Formula milk companies are paying social media platforms and influencers to gain direct access to pregnant women and mothers at some of the most vulnerable moments in their lives. The global formula milk industry, valued at some US$55 billion, is targeting new mothers with personalized social media content that is often not recognizable as advertising.
A new World Health Organization (WHO) report titled Scope and impact of digital marketing strategies for promoting breast-milk substitutes has outlined the digital marketing techniques designed to influence the decisions new families make on how to feed their babies.
Through tools like apps, virtual support groups or ‘baby-clubs’, paid social media influencers, promotions and competitions and advice forums or services, formula milk companies can buy or collect personal information and send personalized promotions to new pregnant women and mothers.
The report summarizes findings of new research that sampled and analyzed 4 million social media posts about infant feeding published between January and June 2021 using a commercial social listening platform. These posts reached 2.47 billion people and generated more than 12 million likes, shares or comments.
Formula milk companies post content on their social media accounts around 90 times per day, reaching 229 million users; representing three times as many people as are reached by informational posts about breastfeeding from non-commercial accounts.
This pervasive marketing is increasing purchases of breast-milk substitutes and therefore dissuading mothers from breastfeeding exclusively as recommended by WHO.“The promotion of commercial milk formulas should have been terminated decades ago,” said Dr Francesco Branca, Director of the WHO Nutrition and Food Safety department. “The fact that formula milk companies are now employing even more powerful and insidious marketing techniques to drive up their sales is inexcusable and must be stopped.”
The report compiled evidence from social listening research on public online communications and individual country reports of research that monitors breast-milk substitute promotions, as well as drawing on a recent multi-country study of mothers’ and health professionals’ experiences of formula milk marketing. The studies show how misleading marketing reinforces myths about breastfeeding and breast milk and undermines women’s confidence in their ability to breastfeed successfully.
The proliferation of global digital marketing of formula milk blatantly breaches the International Code of Marketing of Breast-milk Substitutes (“the Code”), which was adopted by the 1981 World Health Assembly.
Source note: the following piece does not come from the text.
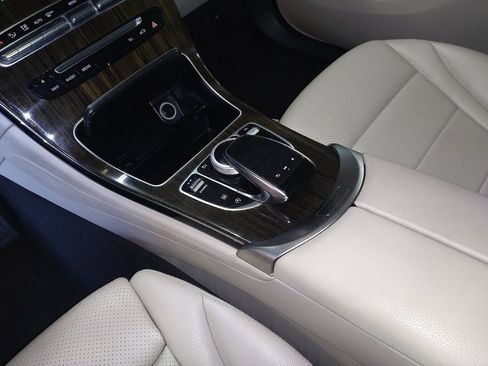 Used 2017 Mercedes-Benz GLC 300 4MATIC w/ Premium 1 Package image 26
The Code is a landmark public health agreement designed to protect the general public and mothers from aggressive marketing practices by the baby food industry that negatively impact breastfeeding practices.
Despite clear evidence that exclusive and continued breastfeeding are key determinants of improved lifelong health for children, women and communities, far too few children are breastfed as recommended. If current formula milk marketing strategies continue, that proportion could fall still further, boosting companies’ profits.
The fact that these forms of digital marketing can evade scrutiny from national monitoring and health authorities means new approaches to Code-implementing regulation and enforcement are required. Currently, national legislation may be evaded by marketing that originates beyond borders.
WHO has called on the baby food industry to end exploitative formula milk marketing, and on governments to protect new children and families by enacting, monitoring and enforcing laws to end all advertising or other promotion of formula milk products.